Topics in focus

From deep alignment to united front in the Twin Cities

Greg Nammacher of SEIU Local 26 describes how a coalition of deeply aligned organizations works together across the Twin Cities to build power, and how that “peace time” approach (in the words of Emilia González Avalos) has pivoted in the face of the Trump administration’s occupation of the Twin Cities. Their coalition initiated the call for the “Day of Truth and Freedom” action on January 23, 2026, turning out at least 50,000 people in Minneapolis to march in sub-zero temperatures and drawing statewide participation from about one quarter of all voters.
Large crowd fills a city street with many signs protesting ICE.

Thousands of protesters march against ICE and the Trump administration on January 23, 2026, in Minneapolis. Credit: Lorie Shaull, CC-BY 4.0.

One of the pieces that we have worked hardest on in the Twin Cities… is around coalitional dynamics and how to move effectively…. There’s just competition and turfiness built into the de facto structures of social movements in all the cities in our country that I’ve been in, and definitely in the twin cities.

So we have some theories that have been very important leading up to [the Day of Truth and Freedom], which is ten years of intentionally not trying to build a big tent broad coalition on any event that comes up, but trying to build a deep alignment of a set of organizations that are clear about building power. That means that it’s not big in number, but it is a set of leaders that are ready to take risks and that are crystal clear: that if our demands are bigger than small incremental steps forward in traditional bargaining, then we must be a part of a set of power[-building] organizations that can move faster and more powerfully. But that does not mean then that we jump into a big tent coalition with everyone. That means that we think systematically about who are the powerful organizations and sectors in our city that are ready to take risks, that need more than they can win by themselves and that are hungry about that. And the term we use for that is alignment. It’s a deeper thing. 

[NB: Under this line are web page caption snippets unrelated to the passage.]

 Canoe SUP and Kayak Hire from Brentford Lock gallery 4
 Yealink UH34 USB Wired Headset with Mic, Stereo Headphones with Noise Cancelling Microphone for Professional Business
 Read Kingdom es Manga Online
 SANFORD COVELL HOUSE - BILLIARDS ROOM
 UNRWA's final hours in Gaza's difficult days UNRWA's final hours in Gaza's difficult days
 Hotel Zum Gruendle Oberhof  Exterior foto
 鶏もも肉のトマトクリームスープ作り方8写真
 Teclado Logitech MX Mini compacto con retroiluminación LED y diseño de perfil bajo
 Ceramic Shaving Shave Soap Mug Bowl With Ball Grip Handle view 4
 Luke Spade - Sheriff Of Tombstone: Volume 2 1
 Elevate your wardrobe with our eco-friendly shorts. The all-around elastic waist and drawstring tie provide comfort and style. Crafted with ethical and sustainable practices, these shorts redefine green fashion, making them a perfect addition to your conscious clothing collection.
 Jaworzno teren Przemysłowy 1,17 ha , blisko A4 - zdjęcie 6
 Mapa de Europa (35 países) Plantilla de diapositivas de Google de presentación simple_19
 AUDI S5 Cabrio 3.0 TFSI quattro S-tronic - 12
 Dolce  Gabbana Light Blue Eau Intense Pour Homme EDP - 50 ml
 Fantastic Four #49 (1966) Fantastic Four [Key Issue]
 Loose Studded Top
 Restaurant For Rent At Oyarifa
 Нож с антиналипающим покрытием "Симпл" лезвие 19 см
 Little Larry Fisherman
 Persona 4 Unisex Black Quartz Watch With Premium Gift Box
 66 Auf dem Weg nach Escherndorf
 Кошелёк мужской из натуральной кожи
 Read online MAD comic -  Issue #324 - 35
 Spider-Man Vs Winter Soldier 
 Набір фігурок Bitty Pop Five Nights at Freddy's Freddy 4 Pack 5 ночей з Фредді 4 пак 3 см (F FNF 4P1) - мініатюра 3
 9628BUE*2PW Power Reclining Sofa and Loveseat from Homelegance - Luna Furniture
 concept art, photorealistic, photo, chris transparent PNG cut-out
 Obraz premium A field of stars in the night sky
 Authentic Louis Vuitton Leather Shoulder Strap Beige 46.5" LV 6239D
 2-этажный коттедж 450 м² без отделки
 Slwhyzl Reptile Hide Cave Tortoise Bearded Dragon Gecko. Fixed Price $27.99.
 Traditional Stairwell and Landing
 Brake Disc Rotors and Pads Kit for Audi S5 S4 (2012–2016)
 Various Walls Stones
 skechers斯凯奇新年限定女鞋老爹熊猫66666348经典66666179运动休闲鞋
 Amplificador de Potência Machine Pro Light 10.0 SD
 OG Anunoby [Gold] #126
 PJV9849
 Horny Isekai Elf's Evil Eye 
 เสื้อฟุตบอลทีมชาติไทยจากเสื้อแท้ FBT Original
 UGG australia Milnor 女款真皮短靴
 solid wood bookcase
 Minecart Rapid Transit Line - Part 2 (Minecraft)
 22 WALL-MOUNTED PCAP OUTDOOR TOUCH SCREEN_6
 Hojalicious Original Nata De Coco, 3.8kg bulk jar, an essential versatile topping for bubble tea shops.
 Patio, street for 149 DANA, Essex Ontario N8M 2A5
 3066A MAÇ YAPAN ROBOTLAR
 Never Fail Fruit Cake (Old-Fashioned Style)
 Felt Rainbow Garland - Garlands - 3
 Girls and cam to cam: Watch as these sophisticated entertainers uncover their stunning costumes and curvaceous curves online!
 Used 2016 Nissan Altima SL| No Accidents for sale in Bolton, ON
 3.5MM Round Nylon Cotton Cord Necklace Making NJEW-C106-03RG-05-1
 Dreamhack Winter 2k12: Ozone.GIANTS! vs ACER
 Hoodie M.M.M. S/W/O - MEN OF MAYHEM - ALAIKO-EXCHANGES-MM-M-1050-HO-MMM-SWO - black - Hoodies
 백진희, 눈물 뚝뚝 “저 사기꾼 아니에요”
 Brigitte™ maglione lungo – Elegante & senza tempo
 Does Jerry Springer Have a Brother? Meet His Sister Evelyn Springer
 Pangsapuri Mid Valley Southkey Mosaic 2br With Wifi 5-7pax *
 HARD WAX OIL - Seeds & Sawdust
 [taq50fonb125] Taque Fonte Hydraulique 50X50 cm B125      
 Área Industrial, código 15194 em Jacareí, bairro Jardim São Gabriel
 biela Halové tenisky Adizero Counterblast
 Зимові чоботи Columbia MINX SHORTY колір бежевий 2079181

We’re underneath each other’s hoods…. We are agitating each other. We are pushing each other because we have a self-interest in each other’s bases becoming stronger and us being able to grow and have more power. That concept of alignment is super important.…

We’ve got ten years, fifteen years of history of pulling off things that we refer to as “weeks of action,” where each different group would do its own action on its own issue, on its own target. And that was wonderful, and then sometimes we do a unity march at the end. What’s great is we’re supporting each other and building out a sense of deep solidarity, but it is also true, we did not trigger the imagination of the broader community in many of those [actions]. We almost always accomplished more than we would’ve by ourselves, but it was not this level of being on top of a wave.…

We spend a lot of time, probably correctly, analyzing the weaknesses of the other parts of our movement.… but [the January 23 action] was a moment that this alignment intentionally made a choice that there were going to be players that were not traditionally in our tent, flawed players, but players that brought something that we knew we didn’t have. I’m not talking about being humble. I’m talking about being extremely, surgically clear that there are flawed characters and actors in your community that can for sure as hell deliver areas that you can’t. And if that’s true, you got to figure it out and figure out how to run with them. And that is just not how most of our local movements are built…. It was that intentionality, understanding others can deliver what you can’t, that opened up [the Day of Truth and Freedom] to be at a level that was much bigger than this [coalition] structure and these organizational muscles had been able to deliver before.

Excerpt from Minneapolis Fight Back with Emilia González Avalos, Greg Nammacher, and Janae Bates Imari, The Dig, 2026. Transcript lightly edited for clarity.